# registration of mexican cell phone.



## mexliving (Mar 30, 2009)

the new law came into effect regarding registering your mexican cell phone... i have the tell cell (no plan) purchase phone time cards....


does anyone know by what date we need to register????? and how do we register our cell phones?


----------



## yucatantoday (Aug 16, 2009)

*Cell phone registration*

When you use your cel phone, there should be an automatic message before your outgoing call is connected. It will tell you what number to dial to register your phone. This is all in rapid-fire Spanish, so if that's a problem, get a bi-lingual person to help. They will ask you your name and address, that's all.

Yucatan Today
The leading tourist and info guide to Merida and Yucatan.
Online and in print.



mexliving said:


> the new law came into effect regarding registering your mexican cell phone... i have the tell cell (no plan) purchase phone time cards....
> 
> 
> does anyone know by what date we need to register????? and how do we register our cell phones?


----------



## AdePuebla (Jun 4, 2009)

you can also go into Telcel and have them do it for you. i'm assuming. i use Movistar and they did both our phones in the store for us. We put them in my husbands name with his CURP, so i'm not sure how you would do it if you dont have a CURP. 
i heard that they are already blocking phones that haven't been registered yet.


----------



## maesonna (Jun 10, 2008)

The horse’s mouth is here: Secretaría de Gobernación.

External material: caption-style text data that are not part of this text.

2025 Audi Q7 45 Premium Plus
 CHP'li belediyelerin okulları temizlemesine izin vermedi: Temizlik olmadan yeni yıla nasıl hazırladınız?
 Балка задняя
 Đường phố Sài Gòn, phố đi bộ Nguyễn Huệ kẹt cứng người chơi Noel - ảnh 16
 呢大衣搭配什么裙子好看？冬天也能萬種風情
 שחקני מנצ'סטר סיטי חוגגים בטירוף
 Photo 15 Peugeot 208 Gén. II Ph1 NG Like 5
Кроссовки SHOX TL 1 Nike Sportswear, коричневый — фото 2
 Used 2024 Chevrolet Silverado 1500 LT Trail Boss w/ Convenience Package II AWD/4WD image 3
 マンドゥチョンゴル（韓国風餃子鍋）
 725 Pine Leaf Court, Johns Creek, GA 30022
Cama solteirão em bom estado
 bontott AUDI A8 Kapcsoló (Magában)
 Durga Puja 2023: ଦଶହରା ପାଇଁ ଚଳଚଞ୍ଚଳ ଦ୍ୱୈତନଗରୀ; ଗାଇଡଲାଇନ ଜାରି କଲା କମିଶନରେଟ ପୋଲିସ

It says if your phone is new (purchased since April 10 this year), it had to be registered before you could use it. If you had your phone since before that date, it has to be registered by April 10 next year (2010). 

My phone is in the latter category (old), and I received a text message on my phone about the registration, and messaged the registration back.

To do your registration by text message, the format of the message is:
ALTA.AAAA999999AAAAAA99

where "ALTA" means you literally type the word "ALTA", then a period, then your CURP which is a mixture of letters where I have put "A" and numbers where I have put "9". You send this text message to the number "2877" and you will receive a confirmation message back.

The website has contact numbers if you have further questions, so I guess if you don't have a CURP, you'd have to ask what to do.


----------